Open hidmic opened this issue 5 months ago • 3 comments

Feature description

Precisely what the title says. A form of soft clustering, where the filter works with a distribution of distributions (or clusters), with provisions to split and merge distributions. This is immediately useful to some filters (like MH-AMCL), it is relevant to earlier discussions we've had about clustering (#172), and (if properly thought through) it can pave the way for filters based on GMMs.

Implementation considerations

It'd be good to think of the cluster distributions as potentially parametric.
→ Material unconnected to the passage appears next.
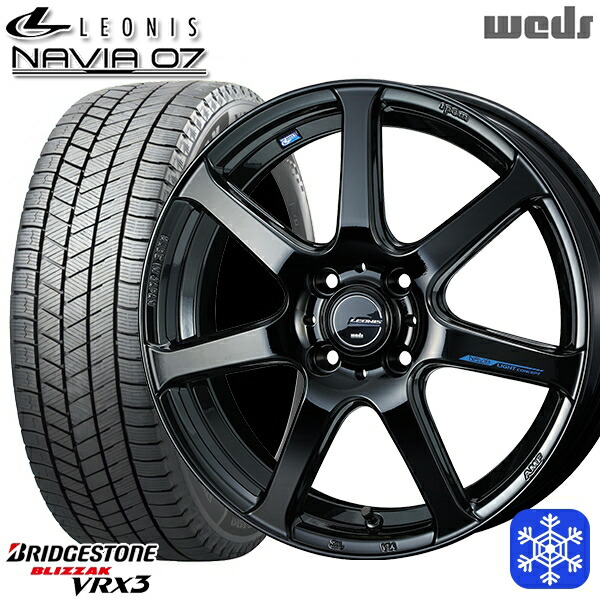 楽天市場】【新品 スタッドレス1台分4本セット】 185/60R16 アクア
hidmic avatar Sep 23 '25 12:09 hidmic

FYI @JesusSilvaUtrera

hidmic avatar Sep 23 '25 12:09 hidmic

@hidmic I have been thinking about which components or steps to follow to accomplish this, as it's not so trivial. To start the discussion, I will share some ideas here:

  • First, create a BaseHypothesis abstract interface for a single distribution (a cluster). The contents of this interface are not 100% clear to me, since I am not sure if it should be treated like a ParticlesDistribution directly, or we would need a more generic approach. We would also need to add a generic way for generating the "quality" of each hypothesis (I use quality here because it's the name used in MH-AMCL, but I don't mean we are using that).
  • This BaseHypothesis could include a concrete default implementation ParticleHypothesis, the one used when we have MH-AMCL for example (same way as we want to do with the BaseMapMatcher).
  • Then, we would need something like a MultiHypothesesModel (probably not the best name 😅) container, which would be a class holding a collection of the hypotheses, and orchestrating the update process for the hypotheses.
  • We would also need to somehow add the logic from manage_hypotheses method. This can be done with a range action in Beluga's core in my opinion. This would be the responsible for splitting, merging, pruning and selecting the best hypothesis.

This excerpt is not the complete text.